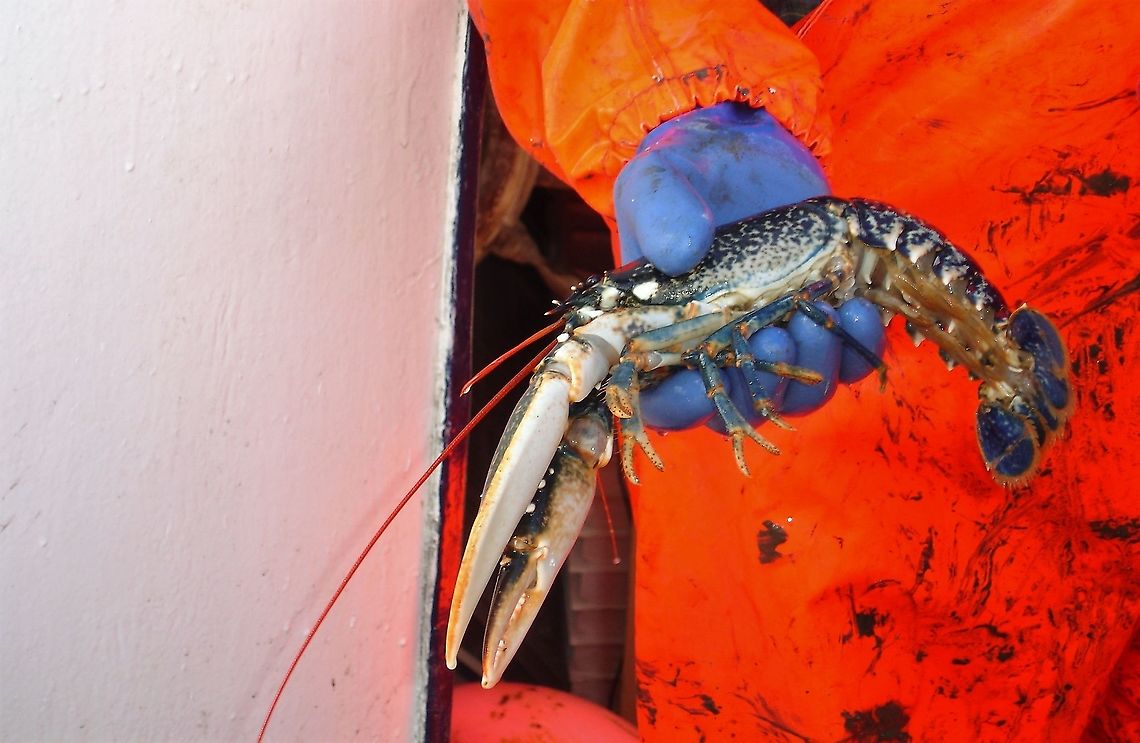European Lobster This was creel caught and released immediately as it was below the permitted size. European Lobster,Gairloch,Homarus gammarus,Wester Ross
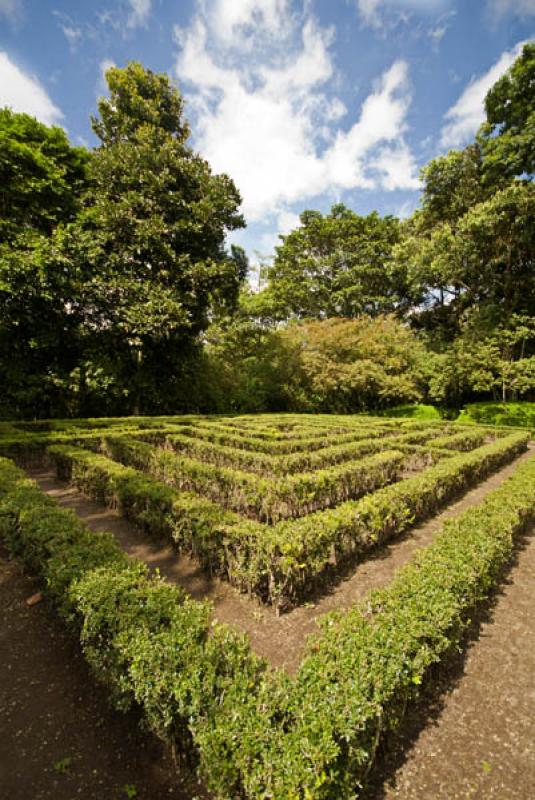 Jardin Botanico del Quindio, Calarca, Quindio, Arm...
# # # # #
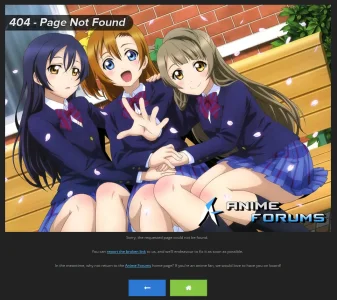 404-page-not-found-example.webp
# # # # #
When you reach the line holding "European Lobster This" in the listing above, begin retyping exactly, and stop once the line holding "Jardin Botanico del" is done; pictures stay out.

Solution to this problem:
European Lobster This was creel caught and released immediately as it was below the permitted size. European Lobster,Gairloch,Homarus gammarus,Wester Ross
 Jardin Botanico del Quindio, Calarca, Quindio, Arm...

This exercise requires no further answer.